» Saved entries

BEGIN

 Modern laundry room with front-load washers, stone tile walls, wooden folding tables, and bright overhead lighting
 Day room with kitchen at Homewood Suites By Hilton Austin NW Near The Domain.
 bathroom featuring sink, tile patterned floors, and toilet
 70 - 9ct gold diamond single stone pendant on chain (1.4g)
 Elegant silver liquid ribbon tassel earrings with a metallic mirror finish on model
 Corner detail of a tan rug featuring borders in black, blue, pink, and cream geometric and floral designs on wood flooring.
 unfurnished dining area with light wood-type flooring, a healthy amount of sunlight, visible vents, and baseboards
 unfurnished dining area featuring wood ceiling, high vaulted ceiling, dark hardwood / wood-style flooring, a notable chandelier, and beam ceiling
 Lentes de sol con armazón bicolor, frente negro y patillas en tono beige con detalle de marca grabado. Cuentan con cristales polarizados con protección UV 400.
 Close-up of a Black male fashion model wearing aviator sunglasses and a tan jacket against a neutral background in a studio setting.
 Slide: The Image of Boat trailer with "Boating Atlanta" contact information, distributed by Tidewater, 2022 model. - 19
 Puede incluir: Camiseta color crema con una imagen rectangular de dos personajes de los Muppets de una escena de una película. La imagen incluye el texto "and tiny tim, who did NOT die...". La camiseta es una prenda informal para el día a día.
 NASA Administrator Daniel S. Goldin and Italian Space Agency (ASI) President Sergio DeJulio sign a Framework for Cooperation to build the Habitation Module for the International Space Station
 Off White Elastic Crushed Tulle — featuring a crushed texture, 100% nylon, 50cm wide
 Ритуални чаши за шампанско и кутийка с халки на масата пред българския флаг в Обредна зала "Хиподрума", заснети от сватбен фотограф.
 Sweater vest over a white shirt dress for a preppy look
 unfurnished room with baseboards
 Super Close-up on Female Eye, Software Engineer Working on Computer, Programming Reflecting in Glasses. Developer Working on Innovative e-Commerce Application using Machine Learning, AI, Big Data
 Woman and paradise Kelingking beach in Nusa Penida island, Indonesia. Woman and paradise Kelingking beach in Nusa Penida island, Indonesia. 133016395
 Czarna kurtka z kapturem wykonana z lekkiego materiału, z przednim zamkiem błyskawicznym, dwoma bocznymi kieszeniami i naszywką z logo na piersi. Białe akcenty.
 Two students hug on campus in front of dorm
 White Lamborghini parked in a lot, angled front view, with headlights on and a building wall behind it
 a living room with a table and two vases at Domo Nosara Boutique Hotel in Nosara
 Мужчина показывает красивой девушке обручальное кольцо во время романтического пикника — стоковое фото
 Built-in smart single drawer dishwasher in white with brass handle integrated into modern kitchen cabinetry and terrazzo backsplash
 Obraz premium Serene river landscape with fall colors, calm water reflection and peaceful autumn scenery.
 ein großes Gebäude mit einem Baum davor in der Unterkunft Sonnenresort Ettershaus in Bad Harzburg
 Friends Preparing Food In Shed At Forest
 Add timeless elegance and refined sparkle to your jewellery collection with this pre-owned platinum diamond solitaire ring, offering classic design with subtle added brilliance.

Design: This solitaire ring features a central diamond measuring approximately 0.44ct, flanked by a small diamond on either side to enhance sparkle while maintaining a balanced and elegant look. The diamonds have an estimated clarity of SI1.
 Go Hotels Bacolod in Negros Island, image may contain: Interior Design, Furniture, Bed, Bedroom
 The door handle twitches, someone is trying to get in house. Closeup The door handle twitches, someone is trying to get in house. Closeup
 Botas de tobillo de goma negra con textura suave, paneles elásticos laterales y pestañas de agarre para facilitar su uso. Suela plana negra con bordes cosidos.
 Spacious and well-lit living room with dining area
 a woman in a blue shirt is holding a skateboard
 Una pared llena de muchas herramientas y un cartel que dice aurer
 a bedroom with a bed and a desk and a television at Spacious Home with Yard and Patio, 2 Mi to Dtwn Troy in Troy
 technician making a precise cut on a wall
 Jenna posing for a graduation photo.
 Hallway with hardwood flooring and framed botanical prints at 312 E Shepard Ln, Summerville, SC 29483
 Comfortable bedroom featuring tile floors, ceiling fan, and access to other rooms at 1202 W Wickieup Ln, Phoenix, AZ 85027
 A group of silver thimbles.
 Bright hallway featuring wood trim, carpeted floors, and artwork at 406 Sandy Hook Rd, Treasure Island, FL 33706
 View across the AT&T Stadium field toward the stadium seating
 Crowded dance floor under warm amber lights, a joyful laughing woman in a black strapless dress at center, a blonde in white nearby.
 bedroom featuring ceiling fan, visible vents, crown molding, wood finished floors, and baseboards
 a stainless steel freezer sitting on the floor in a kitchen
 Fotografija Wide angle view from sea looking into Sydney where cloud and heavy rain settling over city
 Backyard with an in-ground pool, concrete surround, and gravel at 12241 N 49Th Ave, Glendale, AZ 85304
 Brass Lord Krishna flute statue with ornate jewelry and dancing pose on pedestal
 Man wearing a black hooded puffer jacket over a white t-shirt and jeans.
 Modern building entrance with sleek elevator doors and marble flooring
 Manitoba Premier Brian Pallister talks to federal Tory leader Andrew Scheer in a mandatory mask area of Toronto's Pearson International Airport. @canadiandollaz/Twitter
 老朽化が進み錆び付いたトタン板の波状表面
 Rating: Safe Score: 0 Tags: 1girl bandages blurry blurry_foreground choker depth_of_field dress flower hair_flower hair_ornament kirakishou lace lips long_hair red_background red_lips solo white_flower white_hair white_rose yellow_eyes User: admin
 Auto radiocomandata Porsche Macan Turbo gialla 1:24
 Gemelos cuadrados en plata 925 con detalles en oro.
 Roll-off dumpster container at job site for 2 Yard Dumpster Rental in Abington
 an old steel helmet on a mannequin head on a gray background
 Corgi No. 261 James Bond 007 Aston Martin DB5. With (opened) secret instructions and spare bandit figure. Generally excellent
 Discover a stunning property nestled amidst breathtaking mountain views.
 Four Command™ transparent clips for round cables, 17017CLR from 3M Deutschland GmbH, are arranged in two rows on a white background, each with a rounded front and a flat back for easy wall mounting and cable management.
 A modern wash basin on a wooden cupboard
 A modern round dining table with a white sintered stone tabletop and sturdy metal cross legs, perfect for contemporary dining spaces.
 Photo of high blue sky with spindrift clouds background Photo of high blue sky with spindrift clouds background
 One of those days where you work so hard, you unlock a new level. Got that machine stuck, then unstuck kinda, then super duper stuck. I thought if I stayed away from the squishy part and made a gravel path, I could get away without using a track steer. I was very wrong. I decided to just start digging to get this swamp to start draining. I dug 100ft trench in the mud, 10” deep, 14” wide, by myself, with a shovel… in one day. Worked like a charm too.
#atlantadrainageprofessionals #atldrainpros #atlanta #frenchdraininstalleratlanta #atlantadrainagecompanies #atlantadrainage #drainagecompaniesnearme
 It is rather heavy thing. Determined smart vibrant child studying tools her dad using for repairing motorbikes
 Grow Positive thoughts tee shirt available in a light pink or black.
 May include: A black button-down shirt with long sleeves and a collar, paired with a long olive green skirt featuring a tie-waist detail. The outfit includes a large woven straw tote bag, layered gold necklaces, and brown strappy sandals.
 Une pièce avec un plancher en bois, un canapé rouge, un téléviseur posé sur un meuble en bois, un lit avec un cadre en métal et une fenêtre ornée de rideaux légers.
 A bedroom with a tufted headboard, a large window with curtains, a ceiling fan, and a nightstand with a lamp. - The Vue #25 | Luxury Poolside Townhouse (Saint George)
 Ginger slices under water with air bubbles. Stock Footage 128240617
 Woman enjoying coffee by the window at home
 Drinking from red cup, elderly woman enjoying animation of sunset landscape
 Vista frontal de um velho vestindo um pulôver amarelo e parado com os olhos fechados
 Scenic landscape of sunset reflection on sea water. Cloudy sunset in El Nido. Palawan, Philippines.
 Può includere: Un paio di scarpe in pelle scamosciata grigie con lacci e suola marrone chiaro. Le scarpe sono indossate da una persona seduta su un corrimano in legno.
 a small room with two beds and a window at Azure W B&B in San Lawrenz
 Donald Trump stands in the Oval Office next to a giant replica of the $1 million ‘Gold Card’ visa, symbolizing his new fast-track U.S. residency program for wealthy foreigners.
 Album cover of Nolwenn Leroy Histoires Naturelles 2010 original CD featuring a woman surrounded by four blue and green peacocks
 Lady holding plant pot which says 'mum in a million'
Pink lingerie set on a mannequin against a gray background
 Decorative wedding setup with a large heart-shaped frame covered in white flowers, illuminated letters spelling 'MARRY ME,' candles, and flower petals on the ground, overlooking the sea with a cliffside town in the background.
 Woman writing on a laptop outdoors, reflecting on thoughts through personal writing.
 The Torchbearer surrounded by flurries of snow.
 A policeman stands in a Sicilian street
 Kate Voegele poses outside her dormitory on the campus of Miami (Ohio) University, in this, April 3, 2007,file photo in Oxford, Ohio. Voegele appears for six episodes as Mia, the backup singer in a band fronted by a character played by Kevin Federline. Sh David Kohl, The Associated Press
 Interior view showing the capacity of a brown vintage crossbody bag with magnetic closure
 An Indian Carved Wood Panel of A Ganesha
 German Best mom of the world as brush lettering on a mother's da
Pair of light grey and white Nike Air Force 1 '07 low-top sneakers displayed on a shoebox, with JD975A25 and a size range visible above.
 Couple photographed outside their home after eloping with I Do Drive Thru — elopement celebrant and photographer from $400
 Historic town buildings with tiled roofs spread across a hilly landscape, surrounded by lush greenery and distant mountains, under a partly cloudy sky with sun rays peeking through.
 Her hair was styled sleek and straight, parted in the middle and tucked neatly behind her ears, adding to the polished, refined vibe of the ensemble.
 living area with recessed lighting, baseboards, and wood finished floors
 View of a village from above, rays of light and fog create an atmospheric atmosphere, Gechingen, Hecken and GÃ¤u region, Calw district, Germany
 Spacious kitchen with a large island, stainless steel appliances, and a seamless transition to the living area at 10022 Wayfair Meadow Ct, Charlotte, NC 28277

END

» WHAT THE EXERCISE ASKS
Look above for the line holding "Spacious and well-lit" and the line holding "Jenna posing for a graduation photo.", then output exactly those two lines and every line between them, nothing more.

» RESPONSE TO THIS EXERCISE
 Spacious and well-lit living room with dining area
 a woman in a blue shirt is holding a skateboard
 Una pared llena de muchas herramientas y un cartel que dice aurer
 a bedroom with a bed and a desk and a television at Spacious Home with Yard and Patio, 2 Mi to Dtwn Troy in Troy
 technician making a precise cut on a wall
 Jenna posing for a graduation photo.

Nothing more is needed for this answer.